Image denoising and deringing for fourier single-pixel imaging based on upgraded weighted nuclear norm minimization

Single-pixel imaging techniques have been extensively studied because of the low requirements for the detector resolution and the low equipment cost. However, a large amount of noise and ringing commonly occur in the reconstructed images via previous single-pixel imaging methods at ultra-low sampling rates, which limits the real applications. In this paper, a novel Fourier single-pixel imaging method is proposed to reconstruct high-quality single-pixel imaging images at ultra-low sampling rates, which involves the stages of Fourier single-pixel imaging, block matching, upgraded weight nuclear norm minimization, and aggregation. To decrease the computational burden while important image details, block matching and aggregation are employed for the blocks divided from the low-quality image reconstructed by Fourier single-pixel imaging. To adapt the proposed upgraded weight nuclear norm minimization to different contaminated images, an adaptive scheme for the iterative regularization parameter is proposed to update the traditional weight nuclear norm minimization.
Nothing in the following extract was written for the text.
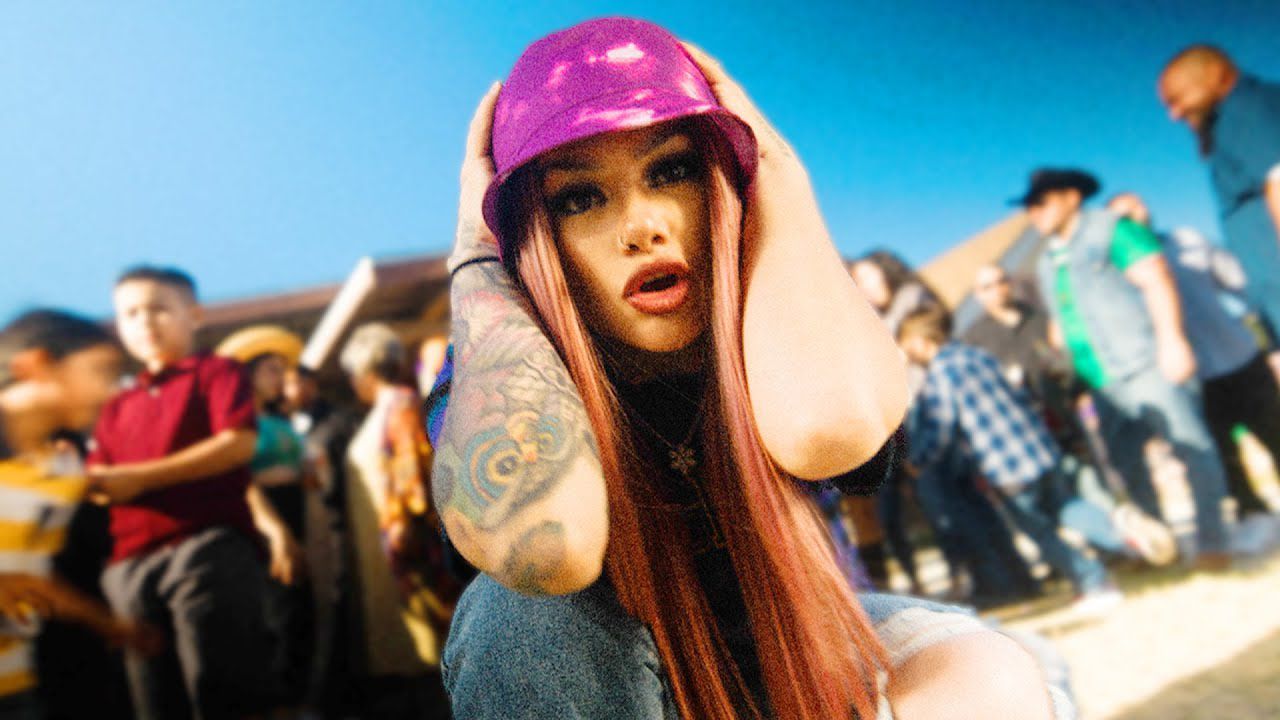 Snow Tha Product: "Yo tengo un beef con la vida, vengo beefing desde que tenía 14 años"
Experimental results indicate that the proposed Fourier single-pixel imaging method based on upgraded weight nuclear norm minimization exhibits the capacity to reliably and effectively reconstruct high-quality images for single-pixel imaging at low sampling rates, even at the sampling rate of 1 %. Experimental results also demonstrate that the proposed method performs better image reconstruction than some existing single-pixel imaging.